* _Raw data_
####################
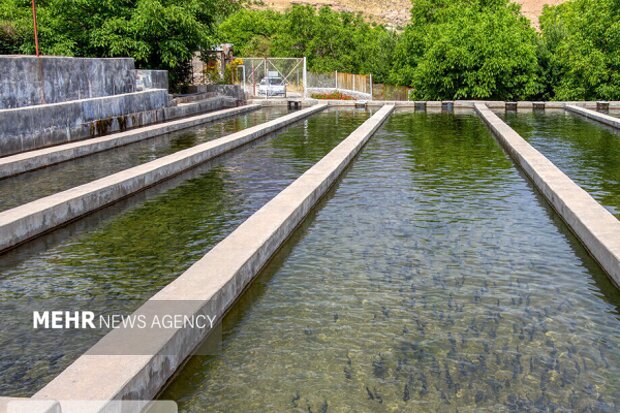 طلسم ۲۰ ساله شکست؛ خزر دوباره خاویار تولید میکند طلسم ۲۰ ساله شکست؛ خزر دوباره ماهیان خاویار تولید میکند
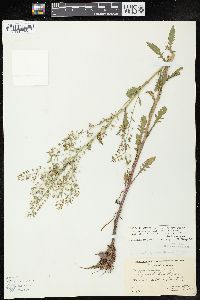 Rorippa palustris subsp. fernaldiana image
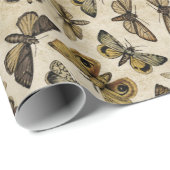  motten inpakpapier (Rol Hoek)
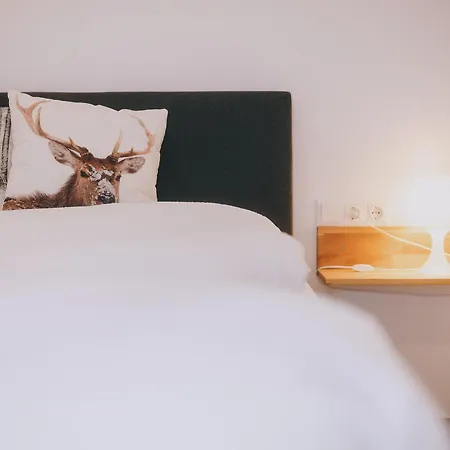 Daire Prielau By We Rent Zell am See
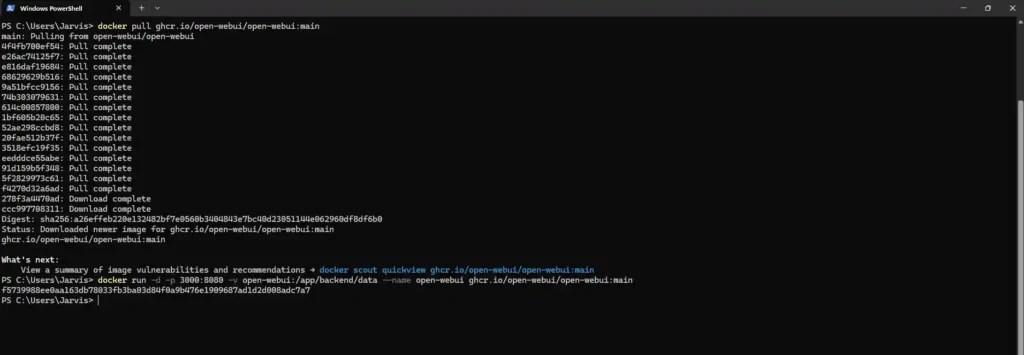Run the container with persistent storage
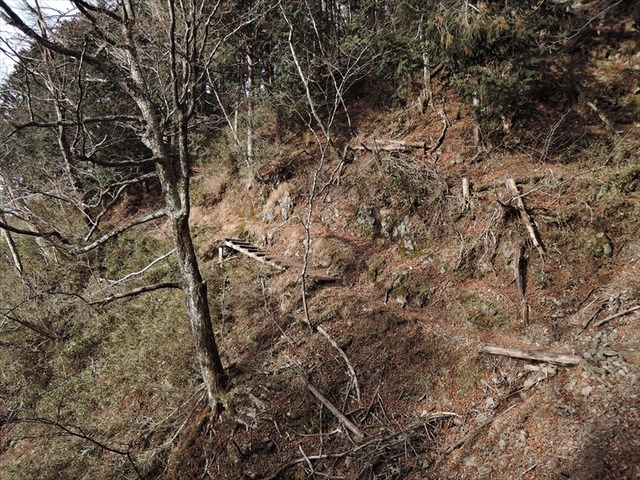 DSCN9315_R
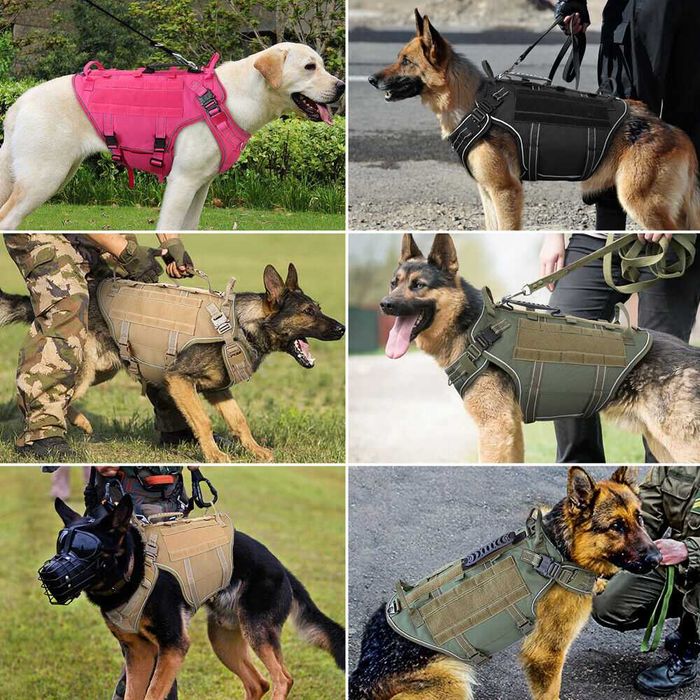 Ham tactic pentru caini de dresaj sau plimbat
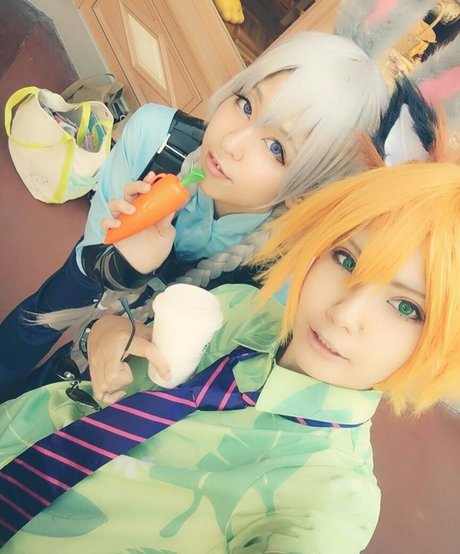 Ayame_apricot photo 1003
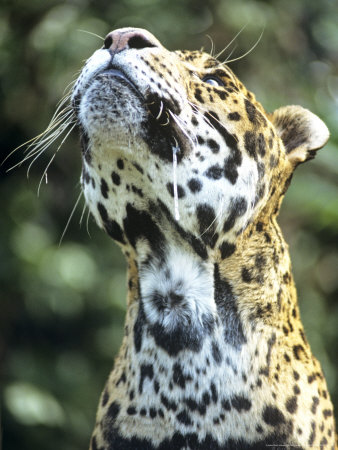 Jaguar, Male Looking At Prey In Tree by Nick Gordon Pricing Limited Edition Print image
####################
* _Exercise requirements_
The range runs from the line containing "Ayame_apricot photo 1003" through the end of the entries; print those lines exactly and leave the pictures out.

* _Answer_
 Ayame_apricot photo 1003
 Jaguar, Male Looking At Prey In Tree by Nick Gordon Pricing Limited Edition Print image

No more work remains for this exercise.